DATA SECTION:
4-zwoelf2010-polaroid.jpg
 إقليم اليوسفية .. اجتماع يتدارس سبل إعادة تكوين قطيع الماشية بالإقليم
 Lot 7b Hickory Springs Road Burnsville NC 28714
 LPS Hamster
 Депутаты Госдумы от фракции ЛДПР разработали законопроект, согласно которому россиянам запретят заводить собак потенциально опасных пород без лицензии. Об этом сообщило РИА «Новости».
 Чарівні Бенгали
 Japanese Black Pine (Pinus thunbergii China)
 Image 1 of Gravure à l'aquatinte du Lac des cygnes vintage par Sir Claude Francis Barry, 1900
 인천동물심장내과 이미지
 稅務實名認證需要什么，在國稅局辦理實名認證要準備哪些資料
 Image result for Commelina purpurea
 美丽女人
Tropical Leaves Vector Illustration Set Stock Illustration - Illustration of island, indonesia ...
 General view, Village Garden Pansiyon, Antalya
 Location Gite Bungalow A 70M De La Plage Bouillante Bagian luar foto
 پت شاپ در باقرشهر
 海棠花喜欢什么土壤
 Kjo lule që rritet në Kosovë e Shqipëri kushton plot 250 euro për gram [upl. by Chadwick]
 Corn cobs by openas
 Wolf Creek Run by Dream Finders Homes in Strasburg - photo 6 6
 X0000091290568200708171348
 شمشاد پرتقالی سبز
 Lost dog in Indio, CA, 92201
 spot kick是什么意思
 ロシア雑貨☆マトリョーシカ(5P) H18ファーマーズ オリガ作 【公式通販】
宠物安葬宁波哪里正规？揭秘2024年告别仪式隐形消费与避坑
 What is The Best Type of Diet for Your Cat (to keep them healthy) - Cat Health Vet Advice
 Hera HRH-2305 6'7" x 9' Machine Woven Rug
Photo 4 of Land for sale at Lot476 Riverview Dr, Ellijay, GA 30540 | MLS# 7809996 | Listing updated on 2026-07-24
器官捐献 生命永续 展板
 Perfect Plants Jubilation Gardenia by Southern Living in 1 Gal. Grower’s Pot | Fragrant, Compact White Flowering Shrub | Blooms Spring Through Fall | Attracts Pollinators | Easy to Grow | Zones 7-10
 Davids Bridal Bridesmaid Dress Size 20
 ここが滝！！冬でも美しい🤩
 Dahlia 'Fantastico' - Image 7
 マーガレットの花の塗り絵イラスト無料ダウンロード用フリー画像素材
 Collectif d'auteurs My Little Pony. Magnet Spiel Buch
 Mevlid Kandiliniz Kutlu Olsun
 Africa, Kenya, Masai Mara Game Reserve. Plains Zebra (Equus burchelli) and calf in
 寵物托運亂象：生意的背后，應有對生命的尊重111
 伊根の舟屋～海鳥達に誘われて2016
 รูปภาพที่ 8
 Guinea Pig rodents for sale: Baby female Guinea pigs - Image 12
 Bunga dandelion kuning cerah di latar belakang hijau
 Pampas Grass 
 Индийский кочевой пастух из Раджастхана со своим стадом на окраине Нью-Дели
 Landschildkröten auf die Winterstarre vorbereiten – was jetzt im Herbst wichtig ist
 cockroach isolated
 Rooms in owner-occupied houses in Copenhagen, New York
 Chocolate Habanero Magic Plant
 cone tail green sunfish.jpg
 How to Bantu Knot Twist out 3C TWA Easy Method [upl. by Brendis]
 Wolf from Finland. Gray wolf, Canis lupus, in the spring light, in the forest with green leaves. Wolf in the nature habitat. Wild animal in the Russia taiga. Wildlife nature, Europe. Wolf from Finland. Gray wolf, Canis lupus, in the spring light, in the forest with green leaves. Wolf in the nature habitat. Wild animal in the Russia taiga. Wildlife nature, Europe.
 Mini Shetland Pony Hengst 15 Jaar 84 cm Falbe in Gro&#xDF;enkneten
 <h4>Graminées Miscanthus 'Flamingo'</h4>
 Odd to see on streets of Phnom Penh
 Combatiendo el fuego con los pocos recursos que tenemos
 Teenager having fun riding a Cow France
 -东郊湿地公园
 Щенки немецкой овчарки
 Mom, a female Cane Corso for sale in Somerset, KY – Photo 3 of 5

EXERCISE DETAILS: The range runs from the line above containing "شمشاد پرتقالی سبز" to the line containing "器官捐献 生命永续 展板", inclusive. Restate those lines word for word and no others.

FINAL ANSWER:
 شمشاد پرتقالی سبز
 Lost dog in Indio, CA, 92201
 spot kick是什么意思
 ロシア雑貨☆マトリョーシカ(5P) H18ファーマーズ オリガ作 【公式通販】
宠物安葬宁波哪里正规？揭秘2024年告别仪式隐形消费与避坑
 What is The Best Type of Diet for Your Cat (to keep them healthy) - Cat Health Vet Advice
 Hera HRH-2305 6'7" x 9' Machine Woven Rug
Photo 4 of Land for sale at Lot476 Riverview Dr, Ellijay, GA 30540 | MLS# 7809996 | Listing updated on 2026-07-24
器官捐献 生命永续 展板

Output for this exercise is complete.